Check set for this example
- Smoke style check (offline build)
- Run
npm run build - Capture log path
- Confirm expected build artifacts exist
- Content validation
- Confirm output directory exists and is non-empty
- Confirm no critical broken links (or capture that they were downgraded to WARN explicitly)
- Deploy bounded check (if applicable in this block)
- If in a SERVICE block later: verify deployment exists and is reachable
Evidence outputs (example):
artifacts/<run_id>/build.logartifacts/<run_id>/manifest.json- Optional:
artifacts/<run_id>/deploy_check.json
Links:
- Check taxonomy: Check types
- Evidence conventions: Evidence and manifests
Handle FAIL
If a check fails, the system forces bounded debugging.
Example FAIL paths
- Build fails due to broken links
- Build fails due to malformed front matter
- Deploy fails due to misconfigured settings
Rule:
- If you are drifting for ~40 minutes, stop and create a DebugPacket.
DebugPacket (minimum)
- Symptom: “build fails with broken link to /docs/intro”
- Minimal repro:
npm run build+ error excerpt - Hypotheses: “navbar points to missing doc id”
- Experiments: “add intro alias vs update nav links”
- Decision: choose one
- Resolution or next: fix merged or next scheduled
- Regression guard: build check remains required endpoint
Links:
- DebugPacket: DebugPacket
- Stop rules: Stop rules
Update frontier
Frontier is updated from endpoint states, not from effort.

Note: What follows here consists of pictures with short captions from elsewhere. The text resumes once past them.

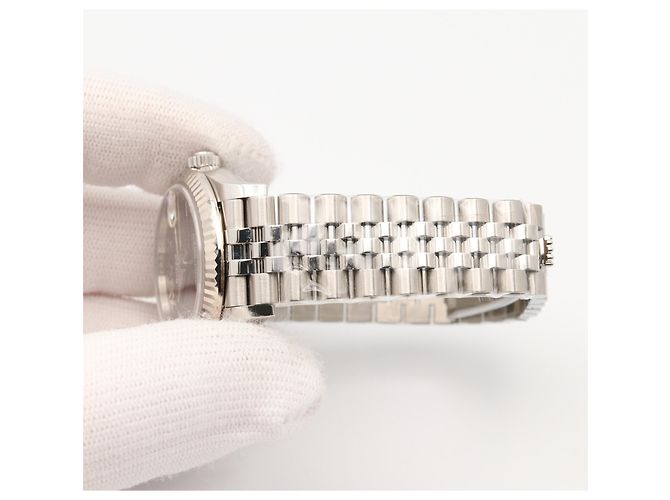 Relógio Rolex Datejust VI Diamantes em Ouro Branco e Aço Inoxidável - vista 8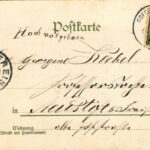 1900 Children art postcard. Floral, litho (EK) - Image 2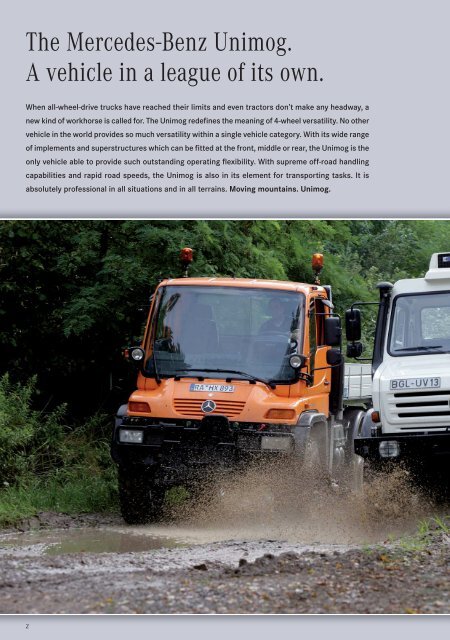 The Unimog U 3000/U 4000/U 5000. Technology, Facts and Figures.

For each endpoint, set PASS/WARN/FAIL based on check outcomes and evidence existence:
opswiki-build: PASS if build succeeds and evidence existsopswiki-deploy: PASS if deployment proof exists and is freshopswiki-link-hygiene: PASS if clean; WARN if acceptable warning policy is explicitly chosen; FAIL if it breaks truth or usability
Then compute derived project status via the aggregation rule:
- any FAIL -> FAIL
- else any WARN -> WARN
- else PASS
Attach EvidenceLinks (paths, manifests, commit hash if applicable).
Links:
- Frontier: Frontier
- EvidenceLink: EvidenceLink
Schedule next block
This is where the walkthrough ties into your day system without prescribing your life.
Use cadence and frontier to decide what is due:
- If derived status is WARN: schedule a MAINT block to clear the WARN (runbook stub, link hygiene fix, prereq).
- If derived status is FAIL: schedule a CONTRACT block with a bounded DebugPacket plan.
- If PASS: schedule the next cadence check-in (lightweight).
Links:
- Block model: Block model
- Selection policy: Selection policy
- Cadence: CadenceRule
Forward-compatibility notes
This walkthrough is written to remain compatible with “prepared blocks” and precomputed action queues.
What the future system can add without changing this page
- A script that reads frontier + cadence and generates candidate OperatorRuns per mode
- A block preparation step that precomputes “if you choose PIPELINE, here are the top 3 legal ops with expected evidence”
- Automatic check execution for smoke and health checks
- Auto-generated EvidenceLinks and manifests
Stability constraints (do not break)
- Keep mode and operator names stable once adopted (treat them like API surface).
- Keep endpoint IDs stable (these are truth anchors).
- Allow new fields to be added to objects without redefining old meanings.
- Prefer additive evolution: new operators and checks, not redefinitions of “PASS”.